Parents play an important role in rousing their sleeping child once the alarm has gone off. As long as the alarm is loud enough for parents to hear, you can provide back-up if your child does not respond initially. Over time, your child will begin to learn that the alarm’s sound is something that needs attention. This response can happen at a subconscious level, with little memory in the morning. Progress continues to take place, as the flow of urine is stopped, and wetting happens less and less frequently.

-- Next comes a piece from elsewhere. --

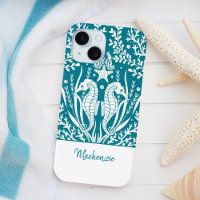 Teal Blue Seahorses Personalised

Eventually, the brain and bladder begin to work together to alert the child before the wetting occurs or to hold the urine until morning.
Pad-Type Alarms vs. Wearable Alarms
There are two general categories of bedwetting alarms: wearable alarms and pad-type alarms. Wearable alarms such as Malem Ultimate and Rodger Wireless tend to be more convenient and effective, as they respond to less moisture and move with the child while he sleeps; however, a pad alarm might be advantageous if:
- Your child is uncomfortable wearing an alarm: Pad alarms don't require that anything be attached to your child's clothing.
- Your child tends to stay in one place while sleeping: Pad-type alarms must be positioned properly in order to be effective—if your child tends to move around while sleeping, it's possible that he could miss the sensor mat entirely while wetting.
- Your child is a heavy sleeper or requires your assistance in getting to the bathroom: Because wearable alarms are designed to attach to the child's shirt, it can be more difficult for the parent to hear the alarm at night. Pad-type alarms can be placed on the night stand; the Malem Bed-Side Alarm with Pad can be used up to 50 feet away from the pad with the additional purchase of a remote sound unit.
When using this type of alarm, it's important to keep in mind that the moisture sensor is very sensitive. In order to avoid false alarms, try to prevent sweat from coming into contact with the moisture pad by varying the thickness of cloth you place on top of it according to the surrounding temperature.